◆ **RECORD EXTRACTS**

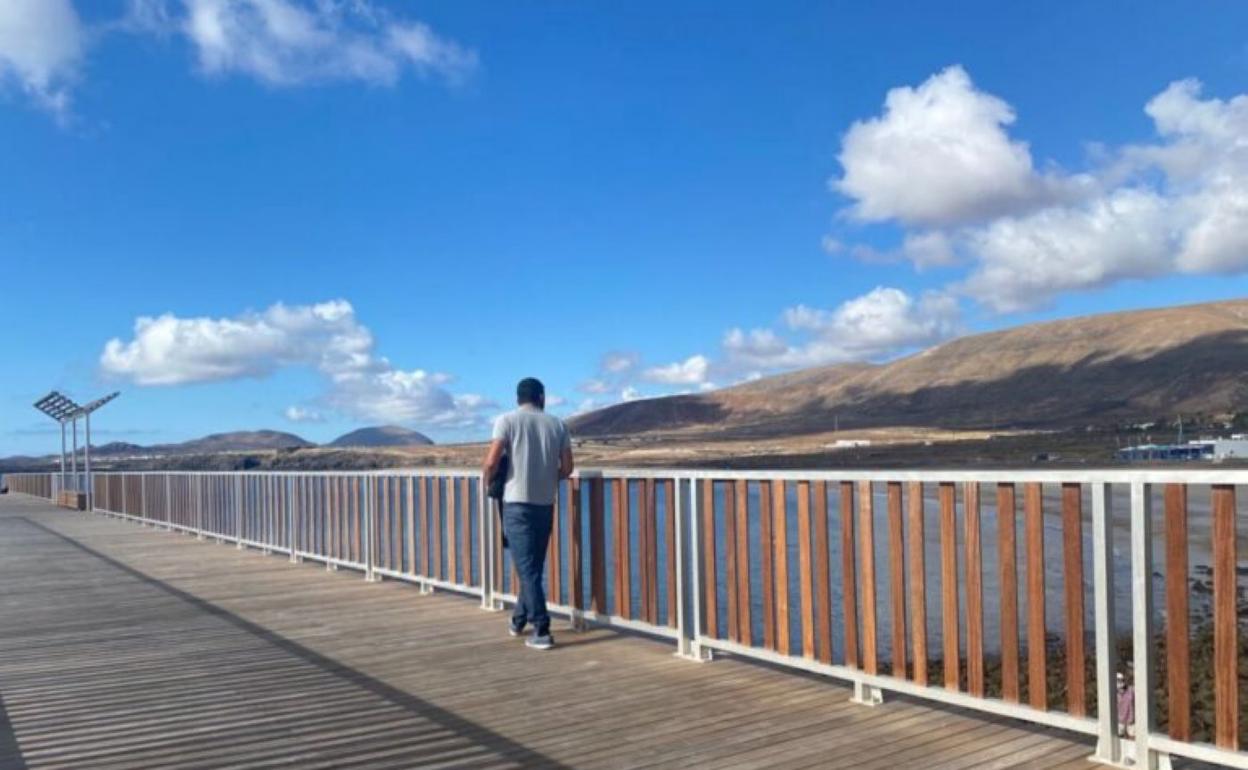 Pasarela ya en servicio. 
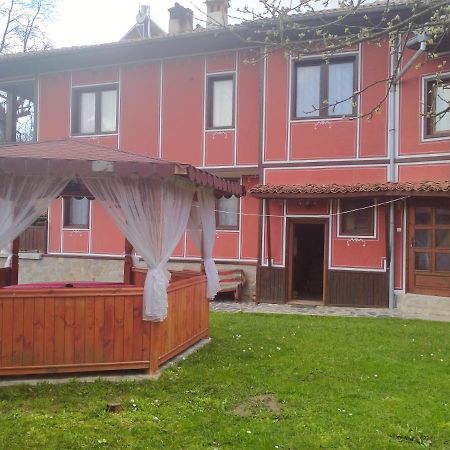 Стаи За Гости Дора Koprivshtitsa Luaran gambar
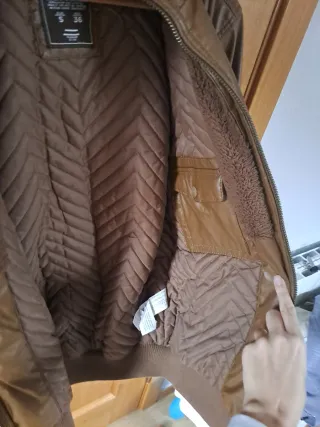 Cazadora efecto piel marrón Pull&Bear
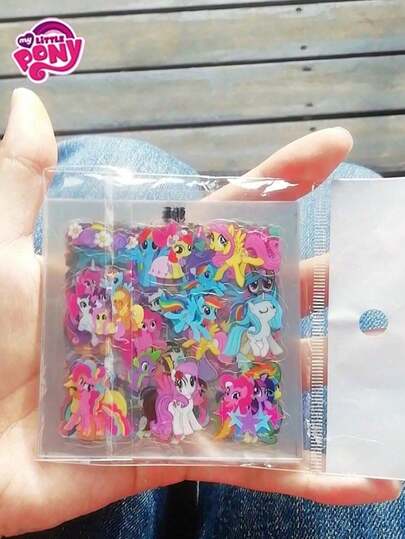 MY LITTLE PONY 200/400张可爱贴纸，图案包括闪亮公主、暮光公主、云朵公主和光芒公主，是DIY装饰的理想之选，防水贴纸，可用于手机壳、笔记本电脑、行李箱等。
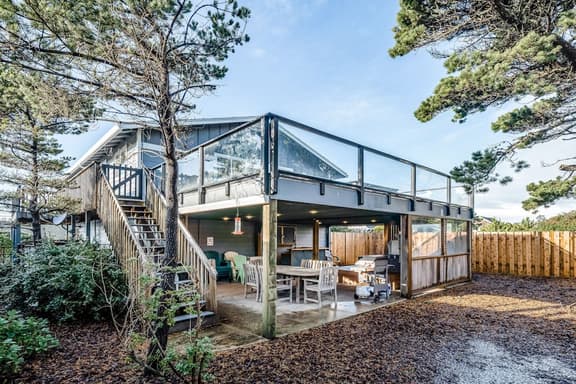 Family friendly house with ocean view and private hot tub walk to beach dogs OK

◆ **WORK REQUIRED**
Leave the images behind and write out every entry exactly.

◆ **WRITTEN RESPONSE**
 Pasarela ya en servicio. 
 Стаи За Гости Дора Koprivshtitsa Luaran gambar
 Cazadora efecto piel marrón Pull&Bear
 MY LITTLE PONY 200/400张可爱贴纸，图案包括闪亮公主、暮光公主、云朵公主和光芒公主，是DIY装饰的理想之选，防水贴纸，可用于手机壳、笔记本电脑、行李箱等。
 Family friendly house with ocean view and private hot tub walk to beach dogs OK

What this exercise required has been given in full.